Write out each record again exactly as it stands.

Given information Start Marker

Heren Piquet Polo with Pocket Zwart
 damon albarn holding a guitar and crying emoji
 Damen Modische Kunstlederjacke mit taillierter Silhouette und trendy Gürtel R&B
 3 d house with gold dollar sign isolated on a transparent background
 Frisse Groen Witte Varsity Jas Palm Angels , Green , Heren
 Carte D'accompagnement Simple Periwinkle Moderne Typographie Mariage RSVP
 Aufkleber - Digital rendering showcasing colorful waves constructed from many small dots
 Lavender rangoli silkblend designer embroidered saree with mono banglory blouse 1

Given information End Marker

* **Written solution**
Heren Piquet Polo with Pocket Zwart
 damon albarn holding a guitar and crying emoji
 Damen Modische Kunstlederjacke mit taillierter Silhouette und trendy Gürtel R&B
 3 d house with gold dollar sign isolated on a transparent background
 Frisse Groen Witte Varsity Jas Palm Angels , Green , Heren
 Carte D'accompagnement Simple Periwinkle Moderne Typographie Mariage RSVP
 Aufkleber - Digital rendering showcasing colorful waves constructed from many small dots
 Lavender rangoli silkblend designer embroidered saree with mono banglory blouse 1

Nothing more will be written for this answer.